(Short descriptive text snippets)
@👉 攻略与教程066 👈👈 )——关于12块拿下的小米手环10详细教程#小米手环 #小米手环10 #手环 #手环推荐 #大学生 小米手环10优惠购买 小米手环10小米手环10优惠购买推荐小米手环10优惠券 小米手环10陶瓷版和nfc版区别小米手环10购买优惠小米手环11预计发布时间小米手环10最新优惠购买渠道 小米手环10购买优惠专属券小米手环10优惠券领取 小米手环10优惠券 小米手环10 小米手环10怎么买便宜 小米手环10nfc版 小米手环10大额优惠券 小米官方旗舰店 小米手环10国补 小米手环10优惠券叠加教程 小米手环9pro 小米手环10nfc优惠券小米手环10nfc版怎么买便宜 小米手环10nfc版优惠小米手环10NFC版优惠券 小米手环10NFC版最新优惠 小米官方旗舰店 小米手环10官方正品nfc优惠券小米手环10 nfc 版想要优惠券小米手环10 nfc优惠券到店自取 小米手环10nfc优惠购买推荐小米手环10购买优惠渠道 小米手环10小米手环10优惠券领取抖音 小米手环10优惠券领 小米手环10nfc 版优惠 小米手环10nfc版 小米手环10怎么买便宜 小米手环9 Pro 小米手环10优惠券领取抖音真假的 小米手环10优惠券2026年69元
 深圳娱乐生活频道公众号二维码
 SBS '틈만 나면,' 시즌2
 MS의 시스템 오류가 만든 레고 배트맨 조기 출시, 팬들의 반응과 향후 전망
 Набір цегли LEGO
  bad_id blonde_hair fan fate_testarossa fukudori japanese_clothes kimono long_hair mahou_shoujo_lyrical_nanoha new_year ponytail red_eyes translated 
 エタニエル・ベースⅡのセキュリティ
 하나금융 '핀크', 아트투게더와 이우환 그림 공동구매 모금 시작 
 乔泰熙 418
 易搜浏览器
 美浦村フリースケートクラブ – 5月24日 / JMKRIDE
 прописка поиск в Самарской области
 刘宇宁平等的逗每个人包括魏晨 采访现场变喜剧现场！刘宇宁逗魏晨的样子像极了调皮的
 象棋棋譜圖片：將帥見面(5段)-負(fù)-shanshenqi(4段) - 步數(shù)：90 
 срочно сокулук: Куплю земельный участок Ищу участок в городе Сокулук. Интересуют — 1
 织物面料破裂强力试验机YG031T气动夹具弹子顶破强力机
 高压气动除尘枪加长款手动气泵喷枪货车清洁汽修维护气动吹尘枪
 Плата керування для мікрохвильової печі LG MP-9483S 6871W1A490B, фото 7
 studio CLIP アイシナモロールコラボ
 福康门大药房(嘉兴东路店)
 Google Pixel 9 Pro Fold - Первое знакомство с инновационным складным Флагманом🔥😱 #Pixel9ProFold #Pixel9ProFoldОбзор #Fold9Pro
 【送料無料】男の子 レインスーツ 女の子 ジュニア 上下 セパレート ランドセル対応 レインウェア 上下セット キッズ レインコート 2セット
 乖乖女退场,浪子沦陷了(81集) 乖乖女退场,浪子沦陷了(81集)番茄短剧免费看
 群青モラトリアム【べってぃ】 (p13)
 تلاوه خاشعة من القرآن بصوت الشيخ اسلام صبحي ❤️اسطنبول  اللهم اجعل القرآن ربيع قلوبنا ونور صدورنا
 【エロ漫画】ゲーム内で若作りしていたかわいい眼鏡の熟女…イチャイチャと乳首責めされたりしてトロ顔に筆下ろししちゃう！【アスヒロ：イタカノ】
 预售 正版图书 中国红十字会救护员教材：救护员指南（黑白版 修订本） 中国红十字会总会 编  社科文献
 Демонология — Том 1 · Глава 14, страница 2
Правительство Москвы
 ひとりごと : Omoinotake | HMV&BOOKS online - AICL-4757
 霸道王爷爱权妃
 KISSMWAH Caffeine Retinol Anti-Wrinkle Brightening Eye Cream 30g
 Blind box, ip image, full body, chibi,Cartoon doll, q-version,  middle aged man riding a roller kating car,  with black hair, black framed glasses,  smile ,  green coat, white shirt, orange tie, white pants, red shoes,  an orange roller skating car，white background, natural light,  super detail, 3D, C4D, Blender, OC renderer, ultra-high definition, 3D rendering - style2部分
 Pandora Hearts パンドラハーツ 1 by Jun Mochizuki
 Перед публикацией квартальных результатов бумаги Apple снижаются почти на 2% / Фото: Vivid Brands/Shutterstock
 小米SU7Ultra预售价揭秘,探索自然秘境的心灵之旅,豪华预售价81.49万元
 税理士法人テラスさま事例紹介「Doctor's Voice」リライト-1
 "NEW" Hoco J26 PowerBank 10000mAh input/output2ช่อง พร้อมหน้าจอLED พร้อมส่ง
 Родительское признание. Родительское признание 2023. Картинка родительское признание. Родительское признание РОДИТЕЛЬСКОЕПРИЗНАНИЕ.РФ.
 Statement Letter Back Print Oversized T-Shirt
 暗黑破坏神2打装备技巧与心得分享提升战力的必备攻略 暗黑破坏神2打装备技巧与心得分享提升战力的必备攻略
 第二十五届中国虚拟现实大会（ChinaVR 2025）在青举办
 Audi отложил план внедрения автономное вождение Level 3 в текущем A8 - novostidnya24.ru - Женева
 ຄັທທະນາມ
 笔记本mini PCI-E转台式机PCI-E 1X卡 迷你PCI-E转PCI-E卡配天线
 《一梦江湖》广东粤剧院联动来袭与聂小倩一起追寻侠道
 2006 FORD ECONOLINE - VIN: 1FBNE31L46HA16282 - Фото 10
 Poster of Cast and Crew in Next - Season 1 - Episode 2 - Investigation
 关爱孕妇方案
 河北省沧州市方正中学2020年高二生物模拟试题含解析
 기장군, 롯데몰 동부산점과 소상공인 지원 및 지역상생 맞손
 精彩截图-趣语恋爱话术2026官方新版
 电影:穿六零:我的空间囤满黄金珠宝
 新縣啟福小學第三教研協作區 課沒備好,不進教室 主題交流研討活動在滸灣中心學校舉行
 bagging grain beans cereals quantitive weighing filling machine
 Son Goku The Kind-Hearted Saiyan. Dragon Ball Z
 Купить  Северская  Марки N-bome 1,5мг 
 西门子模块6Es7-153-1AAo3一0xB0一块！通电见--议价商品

▶ WHAT THE EXERCISE ASKS:
Please output an exact copy of the lines above, from the opening line of the data down to the line that contains "SBS '틈만 나면,' 시즌2".

▶ ANSWER SECTION:
@👉 攻略与教程066 👈👈 )——关于12块拿下的小米手环10详细教程#小米手环 #小米手环10 #手环 #手环推荐 #大学生 小米手环10优惠购买 小米手环10小米手环10优惠购买推荐小米手环10优惠券 小米手环10陶瓷版和nfc版区别小米手环10购买优惠小米手环11预计发布时间小米手环10最新优惠购买渠道 小米手环10购买优惠专属券小米手环10优惠券领取 小米手环10优惠券 小米手环10 小米手环10怎么买便宜 小米手环10nfc版 小米手环10大额优惠券 小米官方旗舰店 小米手环10国补 小米手环10优惠券叠加教程 小米手环9pro 小米手环10nfc优惠券小米手环10nfc版怎么买便宜 小米手环10nfc版优惠小米手环10NFC版优惠券 小米手环10NFC版最新优惠 小米官方旗舰店 小米手环10官方正品nfc优惠券小米手环10 nfc 版想要优惠券小米手环10 nfc优惠券到店自取 小米手环10nfc优惠购买推荐小米手环10购买优惠渠道 小米手环10小米手环10优惠券领取抖音 小米手环10优惠券领 小米手环10nfc 版优惠 小米手环10nfc版 小米手环10怎么买便宜 小米手环9 Pro 小米手环10优惠券领取抖音真假的 小米手环10优惠券2026年69元
 深圳娱乐生活频道公众号二维码
 SBS '틈만 나면,' 시즌2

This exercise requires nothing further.